As narrações em primeira pessoa apresentam o ponto de vista exclusivo do narrador, que, em muitos casos, é o próprio protagonista. Por isso, são tão interessantes e perigosas. Se o leitor tem apenas a versão dos fatos de um dos personagens, ele acaba por conhecê-lo profundamente, passando a enxergar a história com aquele olhar já viciado. Portanto, narradores em primeira pessoa não costumam ser confiáveis.

Vejamos alguns exemplos de narradores-personagens extremamente manipuladores. O caso clássico é o de Bentinho, o Dom Casmurro de Machado de Assis. O marido ciumento apresenta a todo momento evidências sutis de que Capitu, desde criança, possuía uma personalidade duvidosa, sedutora e dissimulada. Ele vê no próprio filho traços do amigo Escobar, com quem Capitu o teria traído. Se há um fundo de verdade nas suposições de Bentinho ou se foi apenas cisma de um homem amargurado e inseguro, jamais saberemos.
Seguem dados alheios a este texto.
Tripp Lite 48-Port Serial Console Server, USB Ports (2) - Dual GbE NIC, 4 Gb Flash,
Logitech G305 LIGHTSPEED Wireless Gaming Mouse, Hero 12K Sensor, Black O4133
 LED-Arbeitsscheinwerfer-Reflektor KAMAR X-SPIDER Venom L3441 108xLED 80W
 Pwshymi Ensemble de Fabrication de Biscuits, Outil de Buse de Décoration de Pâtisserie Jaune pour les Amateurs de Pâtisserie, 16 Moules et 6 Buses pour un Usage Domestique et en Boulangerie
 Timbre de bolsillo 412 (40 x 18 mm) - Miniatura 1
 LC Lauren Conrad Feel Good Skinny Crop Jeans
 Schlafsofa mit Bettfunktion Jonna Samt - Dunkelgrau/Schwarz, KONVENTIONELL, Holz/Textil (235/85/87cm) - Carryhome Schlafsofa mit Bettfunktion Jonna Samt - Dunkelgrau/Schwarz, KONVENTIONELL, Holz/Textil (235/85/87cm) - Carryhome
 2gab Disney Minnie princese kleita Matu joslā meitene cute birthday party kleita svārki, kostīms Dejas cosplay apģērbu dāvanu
O que não se pode negar é que, durante todo o romance, o narrador tenta convencer seu leitor da traição de Capitu, como um bem preparado advogado de acusação.

Já como advogado de defesa de sua própria causa, Humbert Humbert, criado por Vladimir Nabokov em Lolita, tenta justificar seus atos (de pedofilia e assassinato), fazendo o leitor de júri. O pedófilo conta como é inocente dentro de sua perversão, tendo se limitado a apenas admirar as belas ninfetas (palavra que usa para descrever as meninas sedutoras), sem lhes causar nenhum mal, até conhecer a espevitada Lolita, por quem se apaixona perdidamente. Ele afirma nutrir um amor sincero, quase paternal, pela garota, com quem viveu um turbulento romance, que o levou a matar o homem com quem ela o traiu. Humbert é um depravado desprezível, mas sabe seduzir o leitor com suas palavras bem argumentadas.

Porém, em determinados momentos, por mais manipulador que seja, o narrador acaba se entregando. Seus pontos fracos também vêm à tona. Nota-se que Bentinho sempre foi conduzido por figuras femininas, como a mãe e posteriormente Capitu, já que o próprio é fraco para tomar atitudes sozinho. Além disso, em certa ocasião, ele flerta com Sancha, esposa de Escobar, o que põe em questão quem seria o verdadeiro adúltero da história. No caso de Humbert Humbert, por vezes ele se cansa de se passar por bom moço e assume sua falta de caráter, jogando na roda suas falhas, além de algumas hipocrisias sociais.

Narradores em primeira pessoa, quando bem construídos, sabem conduzir o leitor a um labirinto de dúvidas (ou certezas camufladas). Basta ficar atento às pistas deixadas no enredo e completar o quebra-cabeça dessas instigantes personalidades literárias.